_Exercise:_ Exact reproduction is required for the lines below starting at the line with "Hecht Kosa spalinowa 129 Bts Moc 1.1km 4" and ending at the line with "Drawstring Jacket", both included. No other lines, and no pictures.

_Available data:_
·····

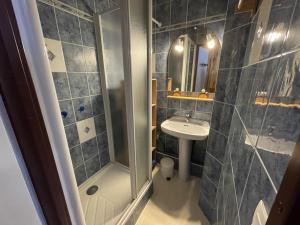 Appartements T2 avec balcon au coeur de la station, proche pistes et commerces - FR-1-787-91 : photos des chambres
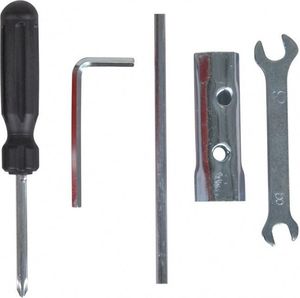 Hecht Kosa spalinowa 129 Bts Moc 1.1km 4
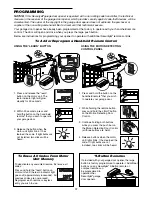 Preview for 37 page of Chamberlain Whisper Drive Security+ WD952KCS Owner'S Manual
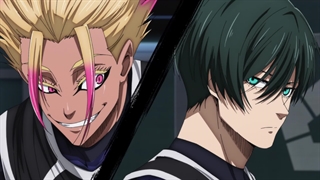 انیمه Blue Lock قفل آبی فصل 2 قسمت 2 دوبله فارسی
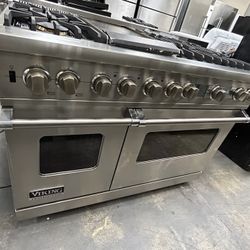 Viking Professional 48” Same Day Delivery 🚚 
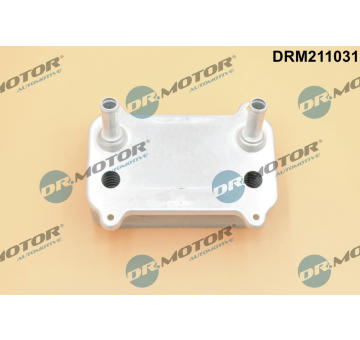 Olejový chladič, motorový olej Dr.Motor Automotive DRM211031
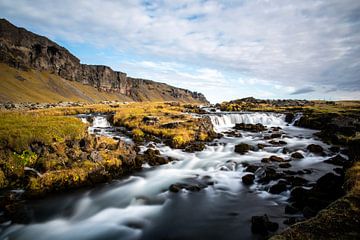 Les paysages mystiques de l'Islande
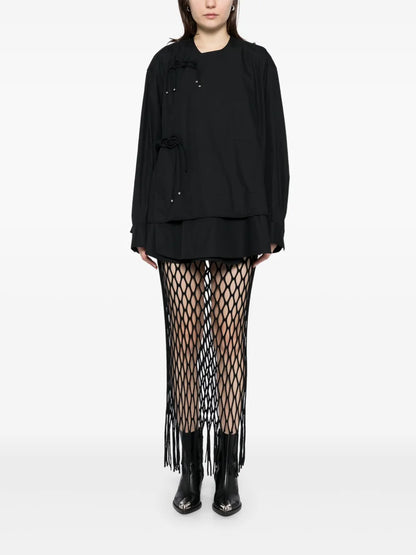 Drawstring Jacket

·····

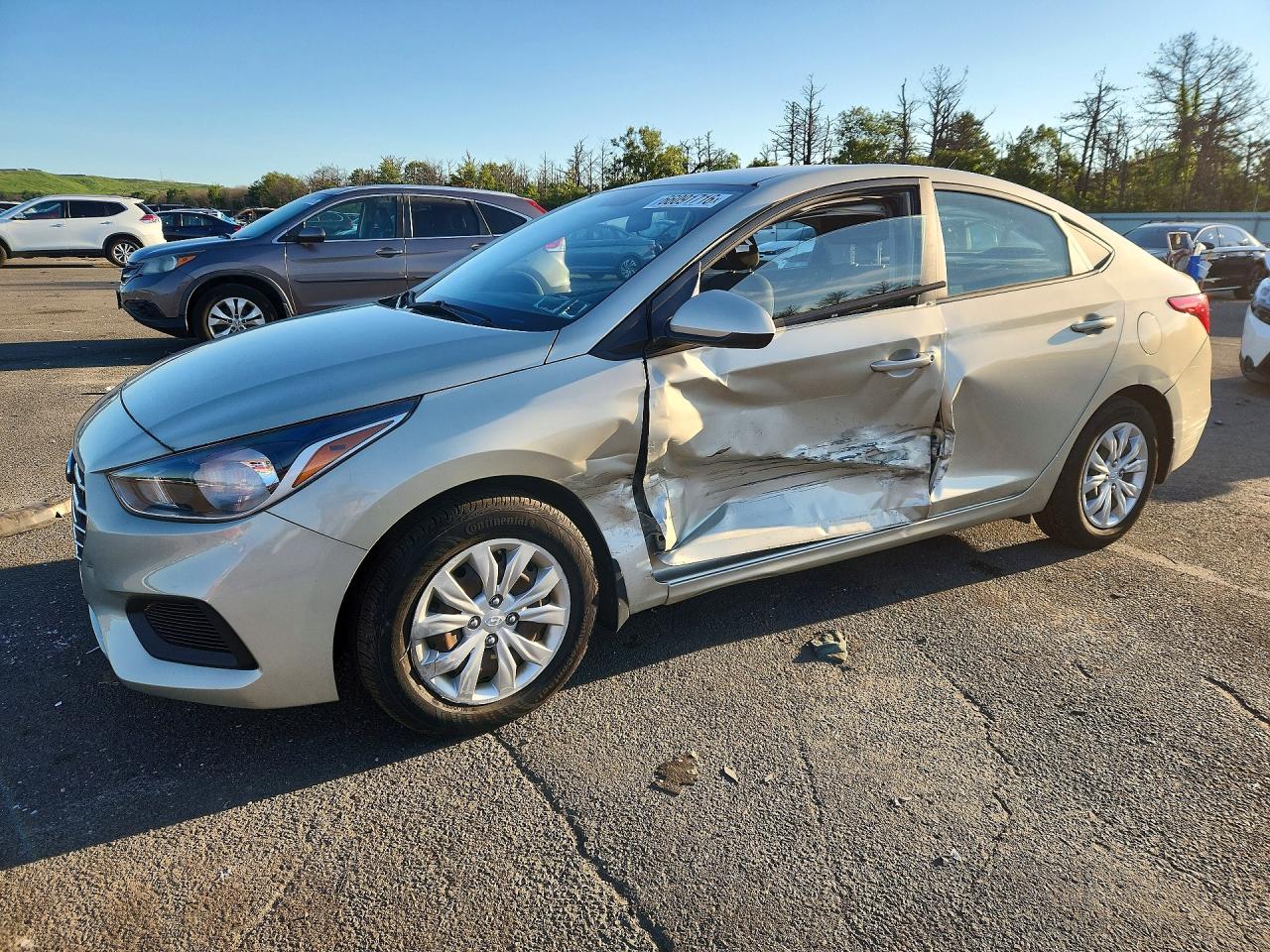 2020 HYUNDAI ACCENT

·····

_Result of this exercise:_
 Hecht Kosa spalinowa 129 Bts Moc 1.1km 4
 Preview for 37 page of Chamberlain Whisper Drive Security+ WD952KCS Owner'S Manual
 انیمه Blue Lock قفل آبی فصل 2 قسمت 2 دوبله فارسی
 Viking Professional 48” Same Day Delivery 🚚 
 Olejový chladič, motorový olej Dr.Motor Automotive DRM211031
 Les paysages mystiques de l'Islande
 Drawstring Jacket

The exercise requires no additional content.